*** Records to use ***

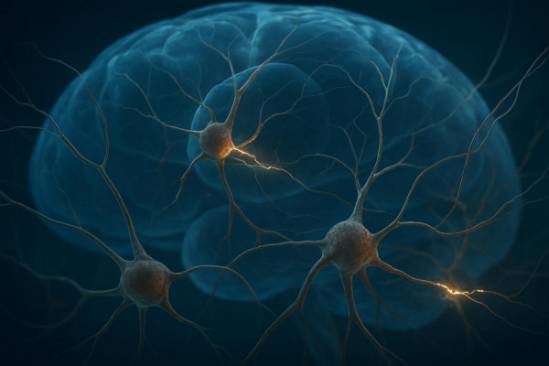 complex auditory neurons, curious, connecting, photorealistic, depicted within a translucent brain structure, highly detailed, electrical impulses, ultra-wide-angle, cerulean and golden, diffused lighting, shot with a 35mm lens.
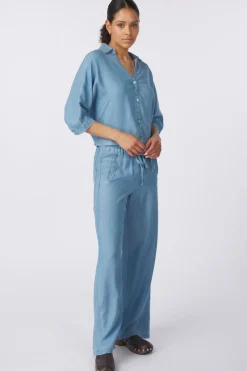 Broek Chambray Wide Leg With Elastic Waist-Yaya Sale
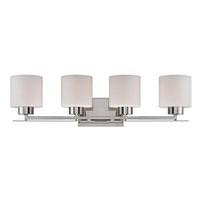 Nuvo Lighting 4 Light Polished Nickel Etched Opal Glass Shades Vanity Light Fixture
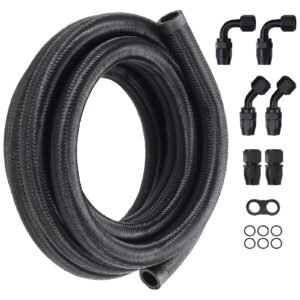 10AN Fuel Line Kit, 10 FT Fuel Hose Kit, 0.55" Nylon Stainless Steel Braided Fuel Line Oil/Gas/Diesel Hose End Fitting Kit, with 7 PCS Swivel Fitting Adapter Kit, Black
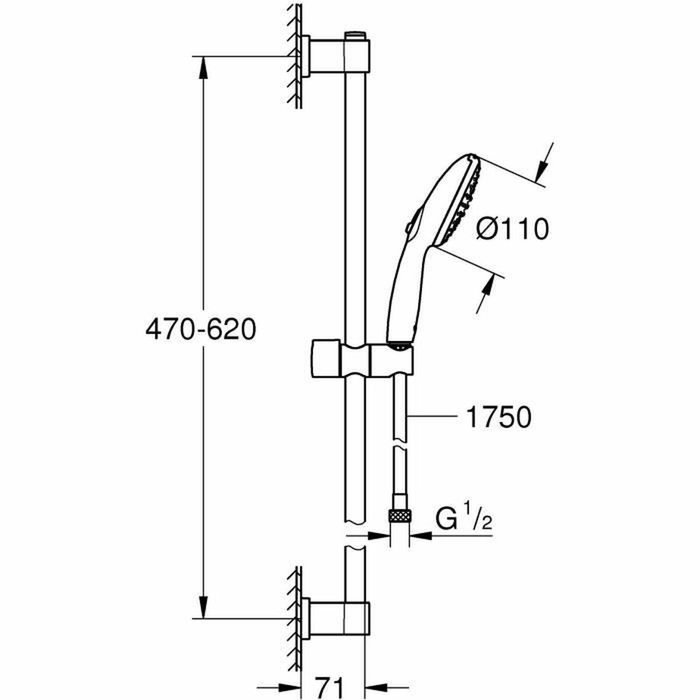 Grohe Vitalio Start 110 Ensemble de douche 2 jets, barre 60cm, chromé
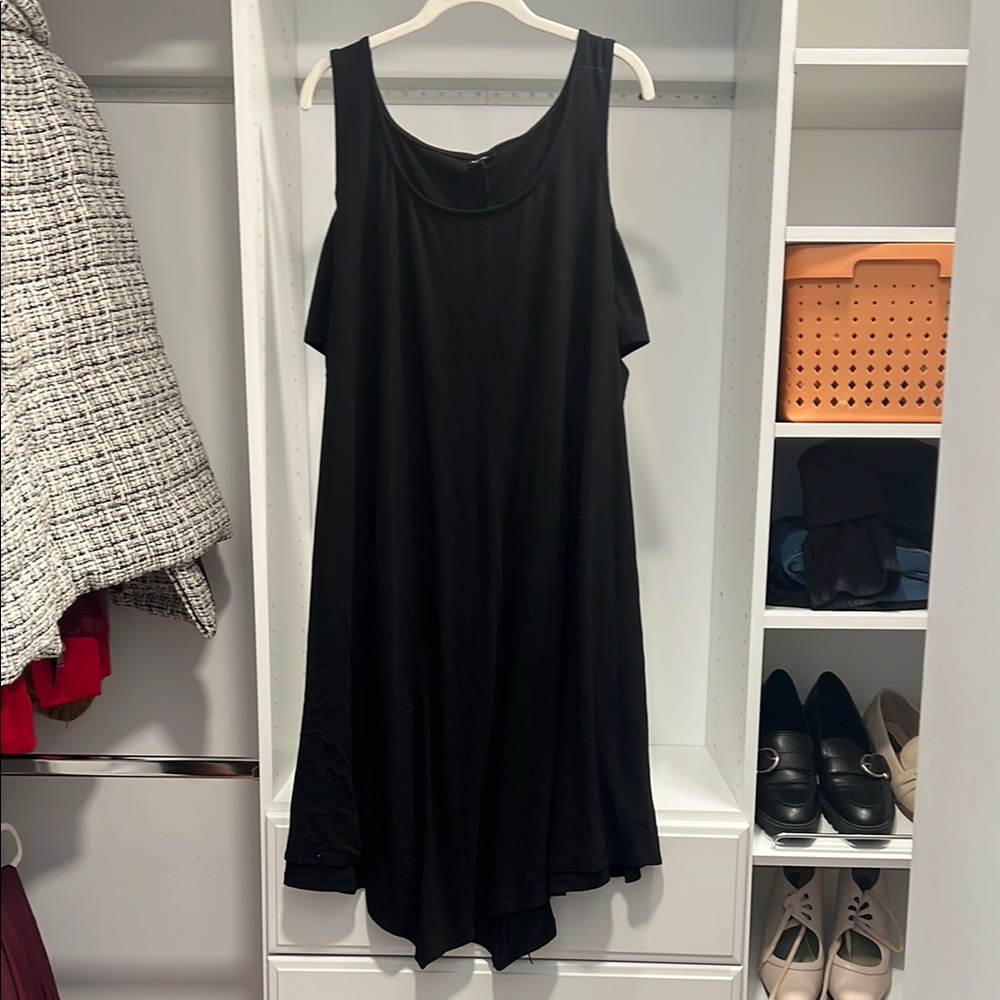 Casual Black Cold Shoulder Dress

***

→ **Task to complete**
Leave out the pictures and set down all of the data exactly.

→ **Solution to this problem**
 complex auditory neurons, curious, connecting, photorealistic, depicted within a translucent brain structure, highly detailed, electrical impulses, ultra-wide-angle, cerulean and golden, diffused lighting, shot with a 35mm lens.
 Broek Chambray Wide Leg With Elastic Waist-Yaya Sale
 Nuvo Lighting 4 Light Polished Nickel Etched Opal Glass Shades Vanity Light Fixture
 10AN Fuel Line Kit, 10 FT Fuel Hose Kit, 0.55" Nylon Stainless Steel Braided Fuel Line Oil/Gas/Diesel Hose End Fitting Kit, with 7 PCS Swivel Fitting Adapter Kit, Black
 Grohe Vitalio Start 110 Ensemble de douche 2 jets, barre 60cm, chromé
 Casual Black Cold Shoulder Dress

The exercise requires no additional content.